Playing EPIC in 28mm.

Friday, 12 December 2014

Mr. Pie Ramblings: "I hear they sung..."

Mr. Pie Ramblings: "I hear they sung...": I recently responded to a Facebook thing about “'five albums that made me what I am”. Obviously, it was hard to narrow it down to j...

OK, now you need to know that 'Mr Pie' here is a friend of some 40 years; one of the four Apoc Generals, no less.  Someone asked him a question about "Five Albums That Made Me What I Am".  Most of the time our discussions about music centre around his penchant for "industrial grind" the type of thing Abnett refers to as 'Pound'.

Anyway, I was thinking about music that means something to be and it occurred to me that lots of music does affect me, emotionally (which is the point of music, n'est pas ?), but it almost either has a very strong context of its own in the first place or has a strong context for me, personally.
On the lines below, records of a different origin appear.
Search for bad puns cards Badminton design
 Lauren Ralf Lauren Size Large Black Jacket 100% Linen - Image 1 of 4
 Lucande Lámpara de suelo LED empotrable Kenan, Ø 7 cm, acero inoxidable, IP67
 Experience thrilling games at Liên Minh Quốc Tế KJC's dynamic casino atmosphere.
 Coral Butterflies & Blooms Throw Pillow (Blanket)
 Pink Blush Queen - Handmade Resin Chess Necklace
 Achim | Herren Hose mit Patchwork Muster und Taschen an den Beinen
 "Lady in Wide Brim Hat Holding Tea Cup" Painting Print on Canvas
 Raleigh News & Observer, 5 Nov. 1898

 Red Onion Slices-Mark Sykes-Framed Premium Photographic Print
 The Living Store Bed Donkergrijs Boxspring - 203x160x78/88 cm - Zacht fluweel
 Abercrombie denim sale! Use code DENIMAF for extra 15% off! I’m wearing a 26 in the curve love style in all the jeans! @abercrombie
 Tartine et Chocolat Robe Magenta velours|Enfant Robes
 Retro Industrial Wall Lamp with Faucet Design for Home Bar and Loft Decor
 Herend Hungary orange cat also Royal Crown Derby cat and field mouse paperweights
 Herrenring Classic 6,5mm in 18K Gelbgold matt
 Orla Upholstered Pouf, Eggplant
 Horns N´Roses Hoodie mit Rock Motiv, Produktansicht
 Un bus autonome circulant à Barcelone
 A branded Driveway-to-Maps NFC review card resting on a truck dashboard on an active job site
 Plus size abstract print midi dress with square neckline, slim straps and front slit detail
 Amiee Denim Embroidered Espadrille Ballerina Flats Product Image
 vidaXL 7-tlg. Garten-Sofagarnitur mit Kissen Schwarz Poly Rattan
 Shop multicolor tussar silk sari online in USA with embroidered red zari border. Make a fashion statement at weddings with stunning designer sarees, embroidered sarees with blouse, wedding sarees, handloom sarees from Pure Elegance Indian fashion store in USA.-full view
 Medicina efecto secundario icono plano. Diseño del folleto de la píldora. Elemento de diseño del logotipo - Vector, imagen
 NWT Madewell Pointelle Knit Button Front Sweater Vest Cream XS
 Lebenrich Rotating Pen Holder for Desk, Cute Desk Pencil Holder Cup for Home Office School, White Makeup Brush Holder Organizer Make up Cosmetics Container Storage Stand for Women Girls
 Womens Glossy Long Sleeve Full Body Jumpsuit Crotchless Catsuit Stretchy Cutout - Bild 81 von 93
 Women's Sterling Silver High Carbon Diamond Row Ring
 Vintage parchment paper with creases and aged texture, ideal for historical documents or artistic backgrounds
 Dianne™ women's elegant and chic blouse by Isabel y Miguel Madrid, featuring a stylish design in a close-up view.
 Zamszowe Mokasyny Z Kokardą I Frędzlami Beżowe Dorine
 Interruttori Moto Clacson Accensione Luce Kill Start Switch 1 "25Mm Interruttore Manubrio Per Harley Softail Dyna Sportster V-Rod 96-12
An obvious example is the last post.  I've been one of the quarter guard, arms reversed, around Dunstable war memorial on Remembrance Day.  As a youngster I did it in scout uniform, freezing my young arse off, often in the pissing rain, but I got it, even at eleven years old.  Being there 'for real' was more about getting the unfamiliar rifle drill right.  Now I don't do that anymore, it's more about a personal act of remembrance for me.  So, yeah, the last post is piece of music that can stop me from doing something.

But that came to mind after this;

I wanted to mention as well the closing theme to Dads Army.  It was a superb comedy, but it did always have an edge to it.  That edge was the Warmington on Sea Platoon of the Home Guard conducting something in between a bayonet charge and a more tactical 'advance to contact'.  If you watch it without the sound it might strike you as another bit of farce, in the vein of the episode.

But with the attendant sound track, what you have is a last ditch defence of a beloved homeland, England's Volkstrum.  A bunch of retirement age soldiers, most of whom had already served their time in the trenches thirty years before, once again taking up arms.  We see them advancing through a bombardment (albeit simulated) and the camera fades to the sound of the air raid siren - an eerie and penetrating noise my parents grew up with.  And of course the sequence ends without us really knowing if it was an exercise - of course it was !  Wasn't it ? - surely the whole point of the home guard was that these men were, once again, in most cases, putting themselves in harms way (to use a modern phrase).

Anyway, the closing credits of Dads Army, strange though it may seem, is another piece of music that resonates with me.

There are other non-military pieces that also  touch something here, (the theme to game of thrones is exciting) but I thought someone out there might find this vaguely interesting.